Organize accounts into named categories with per-session quotas. The script randomly samples `TARGETS_PER_RUN` accounts from the full pool each session.

Example structure:

```python
TARGET_POOL = {
    "ai_builders": [
        "simonw",     # Example: ML tools, Datasette
        "swyx",       # Example: AI engineering
    ],
    "indie_builders": [
        "dvassallo",  # Example: indie hacker
        "tdinh_me",   # Example: bootstrapped SaaS
    ],
    "marketing": [
        "harrydry",   # Example: Marketing Examples
        "wes_kao",    # Example: content strategy
    ],
}

CATEGORY_QUOTAS = {
    "ai_builders":   2,  # replies per session
    "indie_builders": 2,
    "marketing":     1,
}
```

Replace handles with accounts relevant to your niche and goals.

## Reply Generation

Replies are generated by GPT using a structured voice prompt.

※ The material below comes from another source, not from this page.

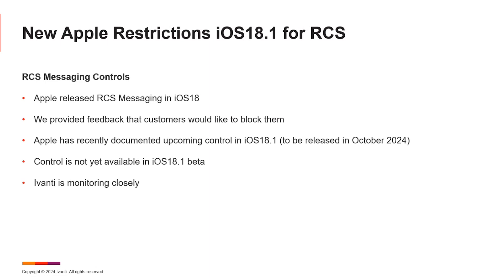A quick update on RCS messaging introduced in iOS 18: some customers are concerned about blocking it. Apple has heard this feedback and announced a restriction to block RCS messaging is coming in iOS 18.1 — however, it's not yet in the beta. We saw it in the documentation. We'll be monitoring closely and providing an action plan as soon as we have more details. There is a KB article you can follow for updates.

The system enforces:

### Voice Rules (Configurable)
- Direct, clear sentences — no filler words
- Specific over vague: numbers, tool names, concrete observations
- Intellectually curious tone — genuine questions, not rhetorical
- Comfortable acknowledging uncertainty or failure

### Hard Bans (Built-in Filters)
The generated reply is rejected and skipped if it contains:
- Sycophantic openers: "Great post", "Love this", "So true", "Spot on", etc.
- Casual slang: lol, damn, wild, ngl, fr, bro, lowkey, fire, bussin, no cap
- Emojis (any Unicode > U+1F600)
- Exclamation marks (configurable tolerance)
- Corporate speak: leverage, synergy, paradigm, game-changer
- Self-promotion or product name-dropping

### Three Reply Archetypes
GPT is prompted to pick ONE of:

**A) Micro-insight + Question**
Share a specific observation from your own experience, then ask something you genuinely want answered.
> "Ran into this building our brand tool — embeddings drift ~15% after 3 months without retraining. How often are you recalibrating?"

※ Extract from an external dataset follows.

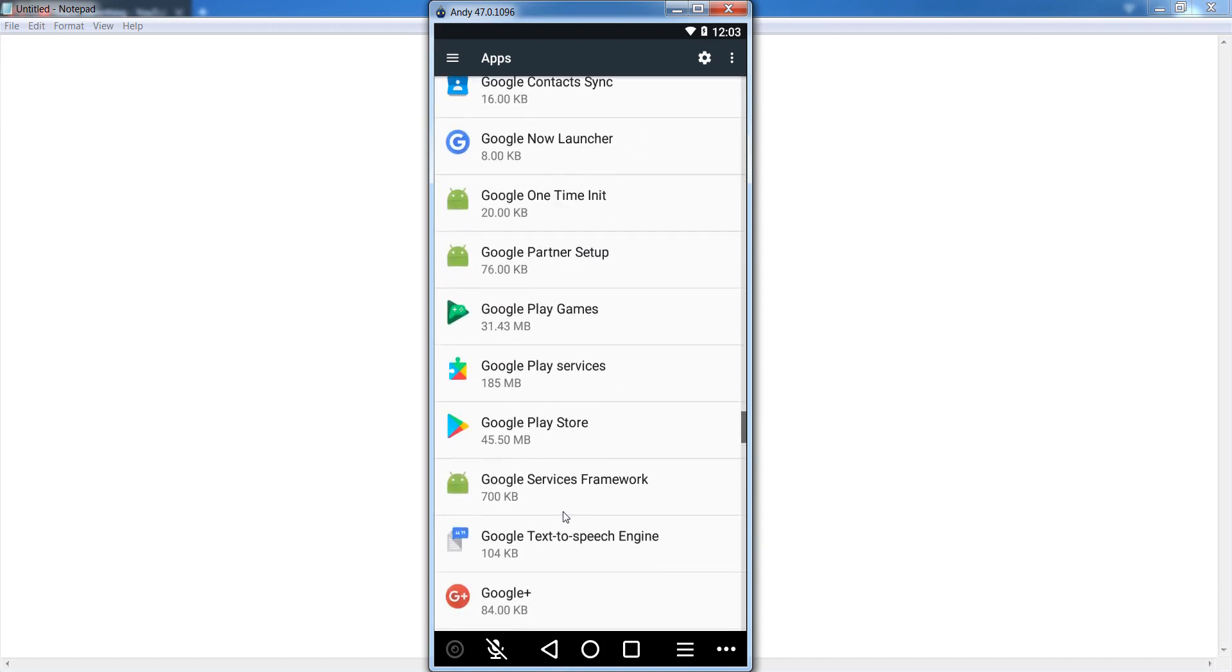Now you can find out three options: Google Play Services, Google Play Store, and Google Service Frameworks.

**B) Respectful Challenge**
Politely push back with data or a counterexample, then invite their perspective.
> "Counterpoint: Stripe's docs are famously good but they still need a sales team for enterprise. Isn't the real question where self-serve stops working?"

**C) Pattern Recognition**
Connect their point to something non-obvious from a different domain.
> "This mirrors what happened in recommendation systems — Netflix found that optimizing for clicks killed retention. The proxy metric trap is everywhere. What's your equivalent of 'watch time'?"

## Customizing Your Voice

Edit the `USER_CONTEXT` variable (or equivalent prompt section) to describe your background:

```python
USER_CONTEXT = """You are writing a Twitter reply as YOUR_NAME.

BACKGROUND:
- Brief description of who you are
- What you're building
- Genuine interests relevant to the accounts you target

VOICE:
- [Your preferred communication style]
- [Specific things to include or avoid]
"""
```

The more specific and authentic your context, the better the replies.

## State Management

The script maintains `auto_reply_state.json` to track replied tweet IDs, preventing duplicate replies across sessions:

```json
{
  "replied_tweets": ["tweet_id_1", "tweet_id_2"],
  "last_updated": "2026-03-06T09:30:00"
}
```

State is capped at the last 100 tweet IDs to prevent unbounded growth.

## Engagement Logic

For each selected account the script:

1. Fetches the 10 most recent original tweets (excluding retweets and @-replies)
2. Filters out tweet IDs already replied to
3. Selects the tweet with highest combined engagement (likes + replies)
4. Generates a reply via GPT — if GPT outputs `SKIP`, the tweet is marked seen and skipped
5. Likes the tweet first (pre-reply like is an algorithmic signal)
6. Posts the reply
7. Waits 3-6 seconds (randomized human-like delay) before moving to the next account

## Output

Each session prints a summary and appends to your log. When called by a bot framework, the script outputs a JSON block after the `---JSON_OUTPUT---` separator for programmatic consumption:

```json
[
  {
    "target": "simonw",
    "tweet": "LLMs are increasingly being used for...",
    "reply": "The retrieval side of this is underrated...",
    "url": "https://x.com/simonw/status/...",
    "liked": true
  }
]
```

## Obtaining Twitter Cookies

1. Log in to Twitter/X in Chrome or Firefox
2. Open DevTools > Application > Cookies > `https://x.com`
3. Export the cookie values to a JSON file in the format expected by `rnet_twitter.py`
4. Store the file at the path referenced by `TWITTER_COOKIE_PATH`

Do not commit cookie files to version control.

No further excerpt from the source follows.